You are viewing a plain text version of this content. The canonical link for it is here.
Posted to users@pdfbox.apache.org by Xavier Sudan <xs...@gmail.com> on 2009/08/25 09:26:19 UTC
Splitt a PDF with iText and read with PDFBox

Hello,

I am trying to splitt a PDF with iText and read content after that. I can do
this process 1 time (read, splitt, read) but if I splitt another time,
PDFBox is unable to read the content (it just reads "/r/n"). The PDF (that
PDFBox cannot read) is readable with Acrobat (I can do a copy past)...

I would like to be able to splitt and read PDF multiple times... I have done
an application reproducing this problem.

Does anyone have an idea about this problem ?

Thank you :)


-----------------------------------------------------------------------
Code to reproduce the problem :
-----------------------------------------------------------------------

There is an application reproducing the problem... I hope that someone could
find the source of the problem. This arrived with different PDF source
(printed with pdfFractory, OpenOffice, ...) for the original PDF (will be
PDF_A).

*To use this application, just place a PDF named "PDF_A.pdf" at the base of
the project. Need library PDFBox and iText.*

------------------------------------------------------------------------
import java.io.File;
import java.io.FileInputStream;
import java.io.FileOutputStream;

import org.pdfbox.cos.COSDocument;
import org.pdfbox.pdfparser.PDFParser;
import org.pdfbox.pdmodel.PDDocument;
import org.pdfbox.util.PDFTextStripper;

import com.lowagie.text.pdf.PdfContentByte;
import com.lowagie.text.pdf.PdfImportedPage;
import com.lowagie.text.pdf.PdfReader;
import com.lowagie.text.pdf.PdfWriter;

/**
 * Problem using iText or PDFBox.
 * http://article.gmane.org/gmane.comp.java.lib.itext.general/46543
 */
public class TestReuseSameFile {

    /**
     * @param args
     */
    public static void main(String[] args) {
        System.out
                .println("The problem is that after the creation of two
files,"
                        + " the last is unreadable and I don't know what I
do wrong..."
                        + " For my tests, I take one PDF (PDF_A) from 1
page, and I "
                        + "create the PDF_B. After I take PDF_B to create
PDF_C and "
                        + "there PDF_C is unreadable (with Code using
PDFBox, but I can open"
                        + " and read it by the OS system).
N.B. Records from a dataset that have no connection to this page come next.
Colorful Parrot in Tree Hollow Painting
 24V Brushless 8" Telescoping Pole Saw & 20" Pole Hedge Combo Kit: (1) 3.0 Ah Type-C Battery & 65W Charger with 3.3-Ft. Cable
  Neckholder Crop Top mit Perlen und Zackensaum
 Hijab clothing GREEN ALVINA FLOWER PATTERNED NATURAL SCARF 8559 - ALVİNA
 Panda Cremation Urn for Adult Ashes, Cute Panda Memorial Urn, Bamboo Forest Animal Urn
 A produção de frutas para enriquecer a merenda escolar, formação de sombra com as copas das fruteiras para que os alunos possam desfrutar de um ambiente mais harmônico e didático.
Test with IText
2.1.4 and 2.1.7."
                        + " \n !!! USAGE : put the file : PDF_A.pdf at the
base of the project.");
        TestReuseSameFile reuse = new TestReuseSameFile();

        // Put the original PDF at the base of the project.
        String PDF_A = "PDF_A.pdf";
        System.out.println("--------------- " + PDF_A + "\n"
                + reuse.pdftoText(PDF_A));

        // Creation of PDF_B base on PDF_A
        String PDF_B = "PDF_B.pdf";
        reuse.splittPDF(PDF_A, PDF_B);
        System.out.println("--------------- " + PDF_B + "\n"
                + reuse.pdftoText(PDF_B));

        // Creation of PDF_C base on PDF_B
        String PDF_C = "PDF_C.pdf";
        reuse.splittPDF(PDF_B, PDF_C);
        System.out.println("--------------- " + PDF_C + "\n"
                + reuse.pdftoText(PDF_C));

        // There is bug because PDF_C has no content.... :(

    }

    /**
     * Take the file (just the first page) and recreate another (same
content).
     * Test with iText 2.1.4 and 2.1.7.
     *
     * @param fileName Source
     * @param nameOfNewFile Destination
     * @return
     */
    public boolean splittPDF(String fileName, String nameOfNewFile) {

        try {
            PdfReader reader = new PdfReader(fileName);

            com.lowagie.text.Document document = new
com.lowagie.text.Document(
                    reader.getPageSizeWithRotation(1));
            PdfWriter writer;
            try {
                File f = new File(nameOfNewFile);
                if (f.exists()) {
                    System.out.println("The file : " + nameOfNewFile
                            + " already exist. It will be overwrite");
                }
                writer = PdfWriter.getInstance(document, new
FileOutputStream(
                        nameOfNewFile));
            } catch (Exception e) {
                System.out.println(e);
                return false;
            }
            document.open();
            PdfContentByte cb = writer.getDirectContent();
            PdfImportedPage page;
            int rotation;
            int pageNumber = 1;


document.setPageSize(reader.getPageSizeWithRotation(pageNumber));
            document.newPage();
            page = writer.getImportedPage(reader, pageNumber);
            rotation = reader.getPageRotation(pageNumber);
            if (rotation == 90 || rotation == 270) {
                cb.addTemplate(page, 0, -1f, 1f, 0, 0, reader
                        .getPageSizeWithRotation(pageNumber).getHeight());
            } else {
                cb.addTemplate(page, 1f, 0, 0, 1f, 0, 0);
            }

            document.close();

        } catch (Exception e) {
            e.printStackTrace();
            return false;
        }

        return true;
    }

    /**
     * Get content of PDF in String (Use PDFBOX (tested with PDFBox-0.7.3)
     *
     * @param fileName
     *            the PDF File name
     * @return Content of PDF
     */
    public String pdftoText(String fileName) {

        File f = new File(fileName);
        if (!f.isFile()) {
            System.out.println("File " + fileName + " does not exist.");
            return null;
        }
        PDFParser parser;
        PDFTextStripper pdfStripper;
        PDDocument pdDoc = null;
        COSDocument cosDoc = null;

        try {
            parser = new PDFParser(new FileInputStream(f));
        } catch (Exception e) {
            System.out.println("Unable to open PDF Parser.");
            return null;
        }
        try {
            parser.parse();
            cosDoc = parser.getDocument();
            pdfStripper = new PDFTextStripper();
            pdDoc = new PDDocument(cosDoc);
            int numberOfPage = pdDoc.getNumberOfPages();
            // Get Content JUST ONE PAGE FOR THE EXEMPLE
            for (int i = 1; i <= numberOfPage; i++) {
                pdfStripper.setStartPage(i);
                pdfStripper.setEndPage(i);
                String out = pdfStripper.getText(pdDoc);
                return out;
            }
        } catch (Exception e) {
            System.err
                    .println("An exception occured in parsing the PDF
Document.");
            e.printStackTrace();
        } finally {
            try {
                if (cosDoc != null)
                    cosDoc.close();

                if (pdDoc != null)
                    pdDoc.close();
            } catch (Exception e1) {
                e1.printStackTrace();
            }
        }
        return null;
    }
}